Kupayı uzatıp geri dönerken, ben de elimde tuttuğum kahveyle çay gibi demleniyorum. Demlenme vakti bitince, Ufuk hazırladığı sofraya nazik bir ses tonuyla davet ediyor.
“Hay hay,” diyerek kalkıyorum. Arkadaşım, sofrasını sevgiyle harmanladığı envaiçeşit aş ile donatmış. Adettendir, yemeğe başlamadan önce sofra duası edilir:
Dua bittikten sonra, karşılıklı oturduğumuz sofrada Ufuk, usulca hazırladıklarını ikram etmeye başlıyor. Nasıl da edepli, nasıl da zarif bir insan... Böyle bir dosta sahip olduğum için onurlanıyorum.
Ufuk, her birimizin eşsiz ve biricik olduğumuzu; bu hayatta sadece kendimiz olmak için var olduğumuzu hatırlatıyor bana.
Muhabbet derinleştikçe, dışarıda yağan yağmur da şaşkınlığım gibi sağanağa dönüyor. Saatlerce süren sağanak eşliğinde Ufuk, heybesinde biriktirdiği Human Design (insan tasarımı) bilgilerini süzgecinden geçirip, doğumumla başlayan yolculuğumda seyir hâlinde olan "beni", bana nezaketle anlatıyor.
İçinde bulunduğum duygu, düşünce ve davranış örüntülerinin ardındaki perdeyi aralıyor. Tasarımımın bir parçası olan yaşam deneyimlerimi sentezleyip yazıya dökme arzusu uyanıyor içimde. Bu nedenle kaleme alıyorum bu yazıyı. İsterim ki yazılarımı okuyan her can, kendi tasarımı hakkında bilgi edinsin ve kendine yön versin.
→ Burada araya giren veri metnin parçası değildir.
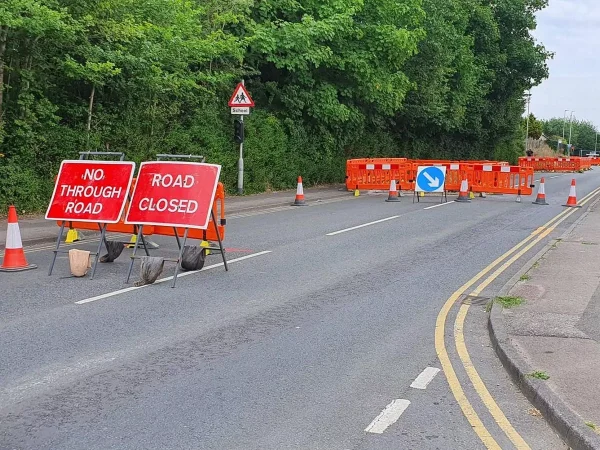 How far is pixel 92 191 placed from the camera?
10.0 m

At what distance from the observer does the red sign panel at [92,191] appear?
9.81 meters

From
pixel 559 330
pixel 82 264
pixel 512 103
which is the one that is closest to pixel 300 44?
pixel 82 264

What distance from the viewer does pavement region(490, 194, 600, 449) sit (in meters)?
4.73

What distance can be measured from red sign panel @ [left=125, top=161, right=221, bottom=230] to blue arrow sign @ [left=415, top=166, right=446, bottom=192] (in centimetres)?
1327

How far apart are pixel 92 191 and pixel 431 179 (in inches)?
544

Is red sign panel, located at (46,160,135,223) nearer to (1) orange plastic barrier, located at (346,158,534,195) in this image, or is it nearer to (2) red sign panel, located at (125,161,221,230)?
(2) red sign panel, located at (125,161,221,230)

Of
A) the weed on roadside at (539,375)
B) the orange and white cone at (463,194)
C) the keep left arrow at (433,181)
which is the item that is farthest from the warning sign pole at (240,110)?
the weed on roadside at (539,375)

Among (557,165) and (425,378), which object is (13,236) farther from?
(557,165)

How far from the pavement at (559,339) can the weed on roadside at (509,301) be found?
100 mm

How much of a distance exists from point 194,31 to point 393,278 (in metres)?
10.4

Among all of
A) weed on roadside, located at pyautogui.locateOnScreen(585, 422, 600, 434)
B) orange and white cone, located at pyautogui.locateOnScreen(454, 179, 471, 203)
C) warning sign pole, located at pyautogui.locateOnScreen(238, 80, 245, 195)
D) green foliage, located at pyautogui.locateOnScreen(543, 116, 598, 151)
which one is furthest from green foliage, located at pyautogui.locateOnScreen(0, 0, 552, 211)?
green foliage, located at pyautogui.locateOnScreen(543, 116, 598, 151)

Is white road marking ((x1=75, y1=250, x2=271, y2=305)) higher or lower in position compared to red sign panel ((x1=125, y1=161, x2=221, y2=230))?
lower

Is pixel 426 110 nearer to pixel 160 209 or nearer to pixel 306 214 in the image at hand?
pixel 306 214

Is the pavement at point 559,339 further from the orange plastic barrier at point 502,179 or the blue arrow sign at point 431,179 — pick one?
the orange plastic barrier at point 502,179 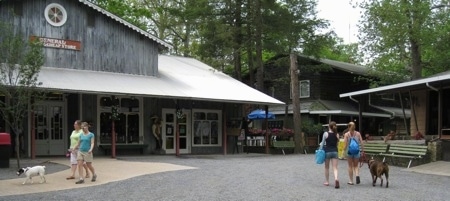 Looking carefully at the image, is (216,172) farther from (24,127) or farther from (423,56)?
(423,56)

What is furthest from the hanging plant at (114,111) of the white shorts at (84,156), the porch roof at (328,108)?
the porch roof at (328,108)

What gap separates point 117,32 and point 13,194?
12.5 metres

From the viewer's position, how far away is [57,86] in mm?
17844

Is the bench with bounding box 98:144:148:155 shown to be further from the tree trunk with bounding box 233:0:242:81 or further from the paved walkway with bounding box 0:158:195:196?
the tree trunk with bounding box 233:0:242:81

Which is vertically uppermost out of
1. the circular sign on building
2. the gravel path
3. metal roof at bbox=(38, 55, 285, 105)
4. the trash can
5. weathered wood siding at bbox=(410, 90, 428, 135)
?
the circular sign on building

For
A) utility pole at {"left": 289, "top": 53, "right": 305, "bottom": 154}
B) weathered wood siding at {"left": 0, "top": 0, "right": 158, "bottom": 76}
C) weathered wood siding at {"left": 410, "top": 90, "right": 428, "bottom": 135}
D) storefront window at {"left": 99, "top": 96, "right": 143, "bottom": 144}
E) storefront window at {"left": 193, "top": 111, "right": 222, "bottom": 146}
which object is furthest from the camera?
utility pole at {"left": 289, "top": 53, "right": 305, "bottom": 154}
Sofradan kalkmadan önce, Mevlana'nın dediği gibi “Kendini bilen Rabbini bilir." Rabbini bilende kendini bulur'uda ardına kendimden ekleyerek , yemek sonrası soframıza konulana teşekkür ederek kalkıyoruz.
Sadece “Kendimiz” olmak için bu hayatta olduğumuzu kendimiz oldukça kendimizi bilme yolunda mucizevi şeylere tanıklık edebileceğimizin farkındalığı ile oturduğumuz her sofraya sevgiyle oturup beslenebileceğiniz şeylerle kalkmanızı dileyerek sonlandırıyorum bugünlük kendimden kendime yolculuğu.
Günay AKBAYIN YİĞİT
08.07.2025
Kendime ve okura not: Sevgili kardeşim Ufuk Şahin'e Human Desing danışmanlığı ile bana beni tanıttığı için teşekkürü borç bilirim.